After Wright and O'Brien's departure, the Robinson’s son, Joey Jr., assumed the name and role of “Master Gee,” performing The Sugarhill Gang concerts along with Big Bank Hank and a “Wonder Mike” fill-in; they claimed to be the original group. Joey Jr. eventually went so far as to illegally copyright the names “Master Gee,” “Wonder Mike “and “The Sugarhill Gang.” If owning the names and royalties to all of Wright and O’Brien’s music wasn’t enough for Joey Jr., he went even further and came after them with threats of legal actions if the two tried to perform as the artists they have always been.

“We don’t have time for this,” Wright claimed, “but we will. Our hearts aren’t made of stone.”

In the film, we learn that the battle against the Robinsons has never been about the money for Wright and O’Brien. It was about their mission to legally reclaim the identity of their show names and having an honest platform to reestablish themselves as musicians. O’Brien said, “We are who we are, and we’re not gone.”

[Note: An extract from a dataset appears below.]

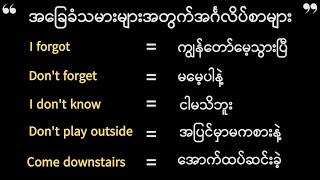 နေ့စဉ်သုံးအင်္ဂလိပ်စကားပြော  Very Slow and Super Basic English Speaking  for Burmese and English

Oddly enough, even before “Rapper’s Delight” ever hit stores, lies plagued the track. When Big Bank Hank first spit the lyrics, “But whatever you do in your lifetime/You never let an MC steal your rhyme," the world never would have guessed this irony: his verses are actually those of hip-hop legend Grandmaster Caz, formerly known as Casanova Fly.

“Hank wasn’t a writer and still isn’t a writer; he had a great voice. It’s been known for a while. You better believe he [Grandmaster Caz] will get his props. There is nothing we try to hide,” said Wright. 

Joey Jr. may have run their names through the dirt, but the original Master Gee and Wonder Mike are not ready to let The Sugarhill Gang be their last mark on the music industry. In the documentary, we see their fight to recapture their rightful names and begin reconnecting with their global audience through their old classics and new eclectic-style hip-hop. They are no longer The Sugarhill Gang. Instead, they are Rapper’s Delight with Master Gee, Wonder Mike and Henn Dogg. Wright and O’Brien will be first to tell you, though, that Henn Dogg isn’t the original Big Bank Hank, and they want nothing to do with him either. 

O’Brien believes their recent international tours have proven that they “still remain in the hearts and minds of a lot of people around the world.”

“Our influence is on the rise,” he said, “because we are being let in through the world of social media. The people are making it happen.”

I Want My Name Back is currently available on DVD.